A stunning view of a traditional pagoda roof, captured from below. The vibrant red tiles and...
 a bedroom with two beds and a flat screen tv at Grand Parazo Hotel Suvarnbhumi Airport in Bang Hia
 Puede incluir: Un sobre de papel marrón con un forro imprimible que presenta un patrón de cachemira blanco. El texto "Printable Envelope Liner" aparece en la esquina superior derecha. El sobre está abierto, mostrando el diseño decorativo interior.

• [Work order] Please copy out the preceding data in full, exactly as written.

• [Task answer]
A stunning view of a traditional pagoda roof, captured from below. The vibrant red tiles and...
 a bedroom with two beds and a flat screen tv at Grand Parazo Hotel Suvarnbhumi Airport in Bang Hia
 Puede incluir: Un sobre de papel marrón con un forro imprimible que presenta un patrón de cachemira blanco. El texto "Printable Envelope Liner" aparece en la esquina superior derecha. El sobre está abierto, mostrando el diseño decorativo interior.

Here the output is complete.